◆ What you have to do
Print, exactly and with no pictures, the line containing "Right now, MIPAR" and each line after it to the end of the entries below.

++++++++++++++++++++

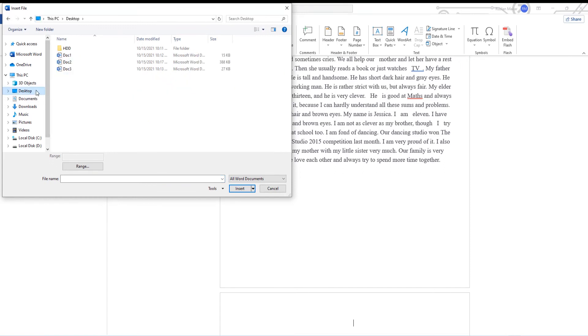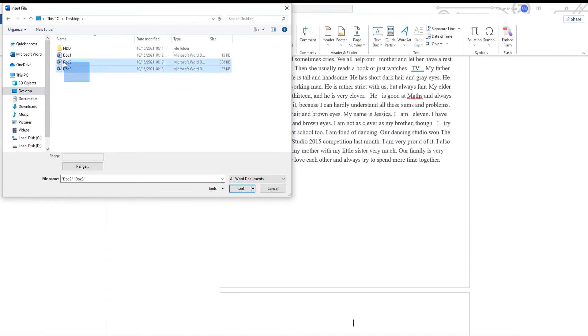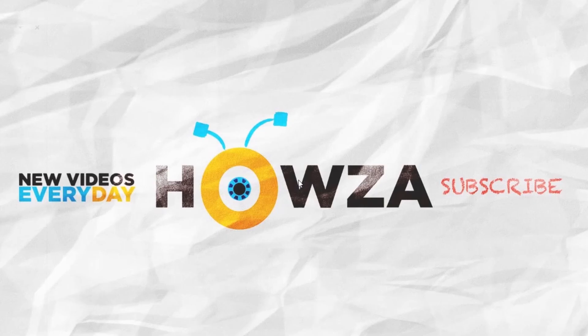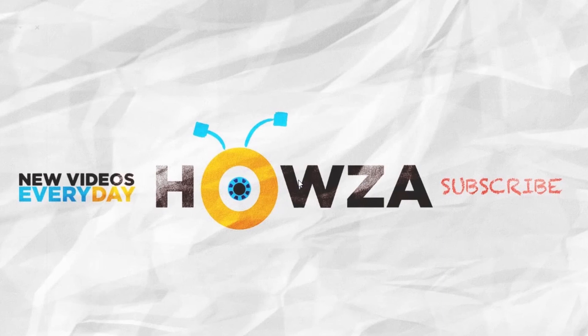Select the other files you need to merge. You can choose multiple files. Click on Insert. Easy. That's it! Thanks for watching the video.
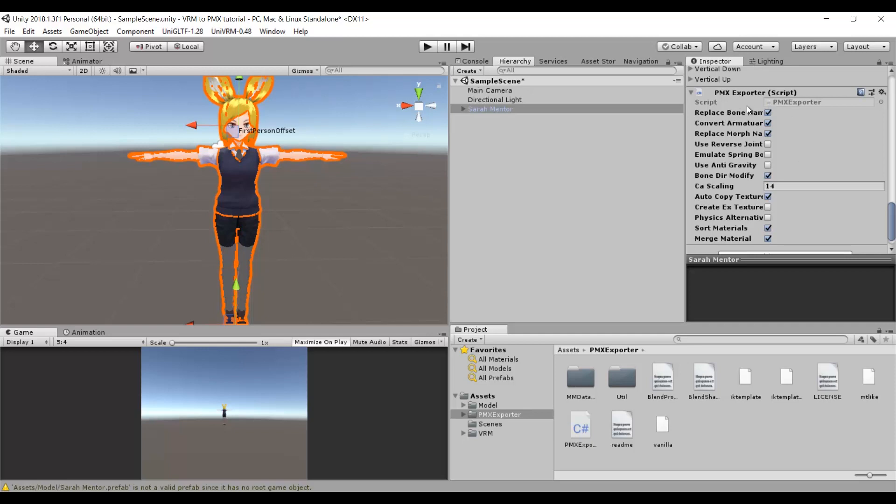If you want your model to look a little bit better, you can check this box. But your Miku Miku Dance must have the effects tab installed. So I will uncheck it.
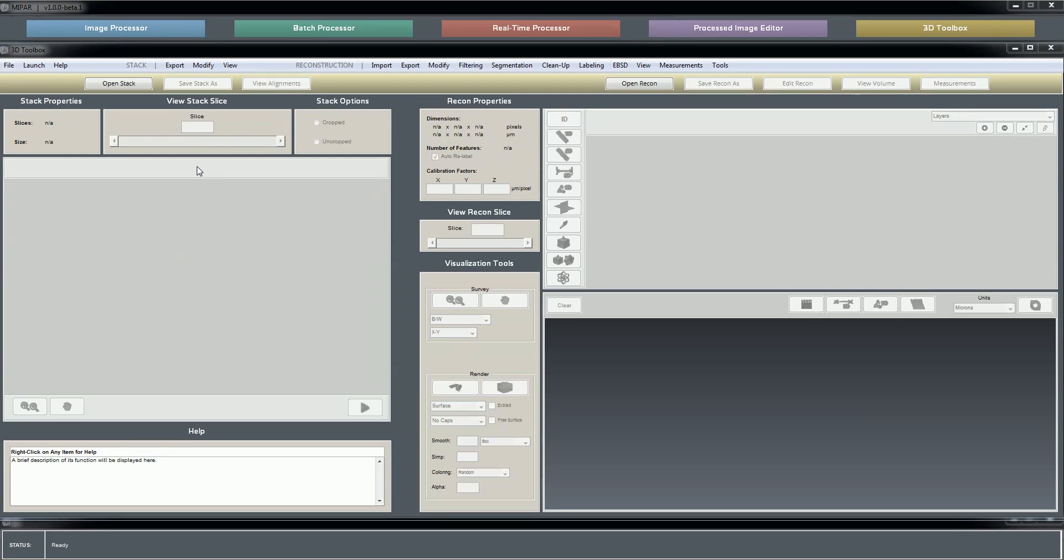Right now, MIPAR does not support the reconstruction of a volume from a tilt series. We use other software to do the reconstruction and then load in the reconstructed volume into MIPAR for the processing and quantification.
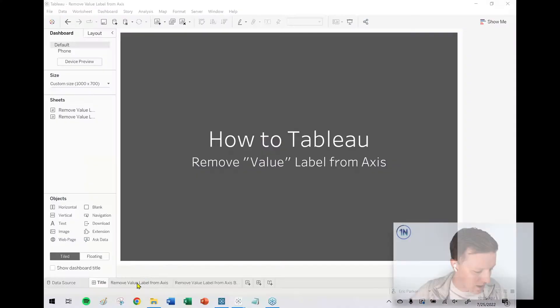Hey everybody, how's it going? This is Eric Parker with One Number Tableau Education and Consulting Experts. And for this week's quick tip video, I want to cover how to remove the value label from an axis. So let's dive into it.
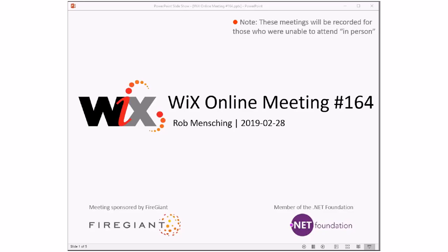Good morning, good afternoon, good evening. This is Wix Online Meeting 164 on the last day of February 2019, going into the end of the first quarter of the year. That just sounds kind of crazy.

++++++++++++++++++++

◆ Output of the task
Right now, MIPAR does not support the reconstruction of a volume from a tilt series. We use other software to do the reconstruction and then load in the reconstructed volume into MIPAR for the processing and quantification.
Hey everybody, how's it going? This is Eric Parker with One Number Tableau Education and Consulting Experts. And for this week's quick tip video, I want to cover how to remove the value label from an axis. So let's dive into it.
Good morning, good afternoon, good evening. This is Wix Online Meeting 164 on the last day of February 2019, going into the end of the first quarter of the year. That just sounds kind of crazy.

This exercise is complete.